Off they go, and a parade of increasingly manic hijinks ensue. Which is very much expected sitcommery until Eddie asks, as they escape the now chaos-filled school, if Maggie is, well, manic. And she is. She has bipolar disorder, and has stopped taking her meds because she can’t write while she’s on them. Thus, we find ourselves in this bleaker territory for the rest of the six-episode series, which explores the limits of a decade-long friendship between the two women as the pressures of post-20s life start to mount. “I fix problems – you have them,” says Eddie cheerily at the start. But no relationship can survive such a state for ever.

Big Mood remains very broad-brush throughout, like the posh, hapless bartender Klent (Eamon Farren), who has wholly improbably built a rat palace in the bar’s backroom (purely to provide a conclusion to episode two, it seems), a disastrous fake dinner party in episode three and the advent of Maggie’s monstrous mother (Kate Fleetwood) towards the end of the series.

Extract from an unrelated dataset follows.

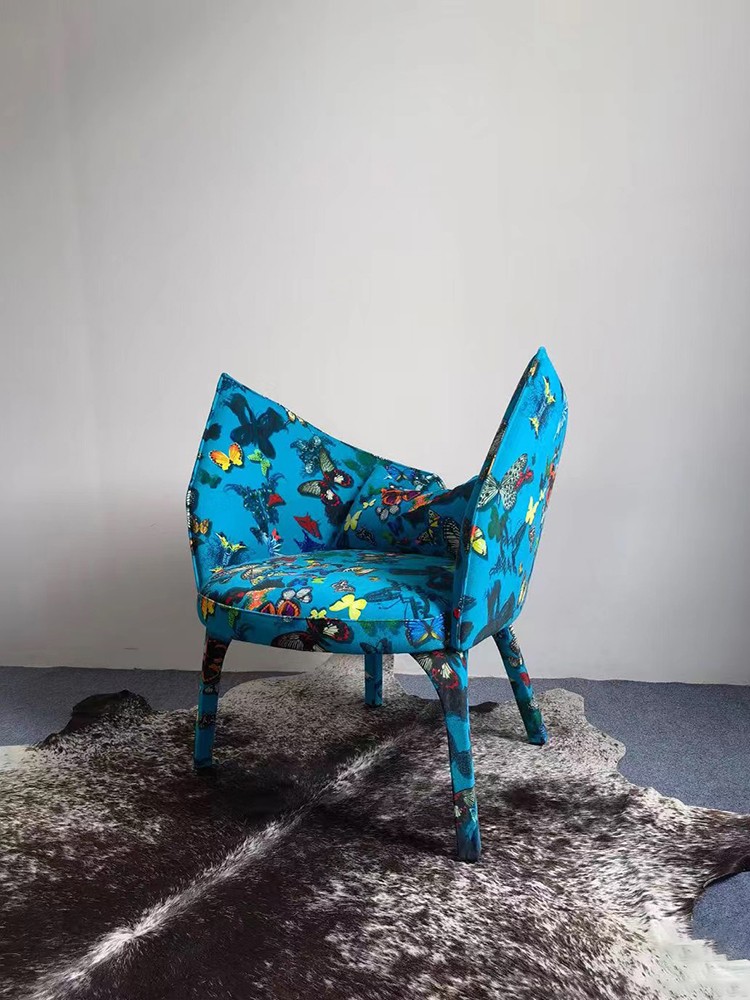 蝴蝶椅休闲椅3D面料单人椅座谈客歇椅子创意设计师罗奇堡茶几边椅 - 图2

But everyone is giving it all they’ve got, and while you can sometimes sense the straining after-effect, there is still much to enjoy. There are lovely touches, like Eddie knowing, as only a longtime friend would, that the promise of a trip to TK Maxx just after a kitchenware delivery is more likely to get her melancholy friend out of bed than anything more traditionally fun. Sally Phillips’ turn as a useless psychiatrist – the perfect deployment of her irreproducible frantic-yet-deadpan energy – is a joy, and a worthy comment on the dilapidated state of our mental health services. The “girlborsh” section, too, captures something very awkward perfectly. Coughlan is a force of nature – funny to her bones but able to deliver the depression and deep reckoning that comes with learning that you cannot escape your mind’s wiring and misfiring by simply wishing it away. West does well with a less showy part – though creator and writer Camilla Whitehill is careful to give her some meaty storylines rather than simply letting her be a foil for Coughlan.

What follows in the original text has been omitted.